The Kallada Jalotsavam (കല്ലട ജലോത്സവം)is a popular Vallam Kali (boat race) held on the Kallada River at Munroe Thuruthu on 28 days after Onam (28 aam Onam) in Indian state of Kerala.
The boat race is conducted along the straight portion (nettayam) of Kallada River. Famous achievers in various fields are honoured during the event.

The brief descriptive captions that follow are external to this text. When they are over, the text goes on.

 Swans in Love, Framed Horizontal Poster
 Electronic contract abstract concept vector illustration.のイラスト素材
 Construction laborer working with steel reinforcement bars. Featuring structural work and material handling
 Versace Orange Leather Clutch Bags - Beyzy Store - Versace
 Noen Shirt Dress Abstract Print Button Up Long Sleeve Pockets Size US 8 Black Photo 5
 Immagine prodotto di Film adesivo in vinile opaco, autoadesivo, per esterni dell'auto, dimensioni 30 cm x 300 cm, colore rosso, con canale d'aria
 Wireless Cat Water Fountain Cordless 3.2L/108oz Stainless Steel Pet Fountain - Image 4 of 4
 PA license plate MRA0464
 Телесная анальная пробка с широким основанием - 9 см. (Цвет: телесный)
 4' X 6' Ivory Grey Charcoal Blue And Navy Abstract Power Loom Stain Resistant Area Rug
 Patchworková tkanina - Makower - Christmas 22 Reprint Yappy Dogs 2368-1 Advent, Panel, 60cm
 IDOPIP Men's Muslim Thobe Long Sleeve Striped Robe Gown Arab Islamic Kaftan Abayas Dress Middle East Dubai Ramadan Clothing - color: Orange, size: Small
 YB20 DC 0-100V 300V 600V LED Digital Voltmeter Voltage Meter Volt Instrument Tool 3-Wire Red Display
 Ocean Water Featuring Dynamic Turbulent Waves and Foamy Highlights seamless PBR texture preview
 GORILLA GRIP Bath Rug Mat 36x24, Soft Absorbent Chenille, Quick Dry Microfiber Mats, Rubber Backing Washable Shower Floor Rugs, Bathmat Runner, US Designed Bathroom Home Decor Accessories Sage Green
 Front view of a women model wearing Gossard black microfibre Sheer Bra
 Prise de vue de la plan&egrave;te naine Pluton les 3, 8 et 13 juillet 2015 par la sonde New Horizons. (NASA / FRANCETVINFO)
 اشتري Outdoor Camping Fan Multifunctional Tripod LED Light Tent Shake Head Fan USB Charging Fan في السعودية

The boat race can be conveniently viewed from Munroe Island (Munroethuruthu in vernacular). Munroe Island holds an important place in the tourist map of Kerala. The country boat sightseeing across Munroe Island conducted by the Kollam district tourist promotion council is the best of its kind in the country. Munroe Island can be reached from Kollam railway station by road (28 km). 12 km from Kundara & 24 km from Karunagapally at North. Kollam is 71 km away by road from the Trivandrum airport.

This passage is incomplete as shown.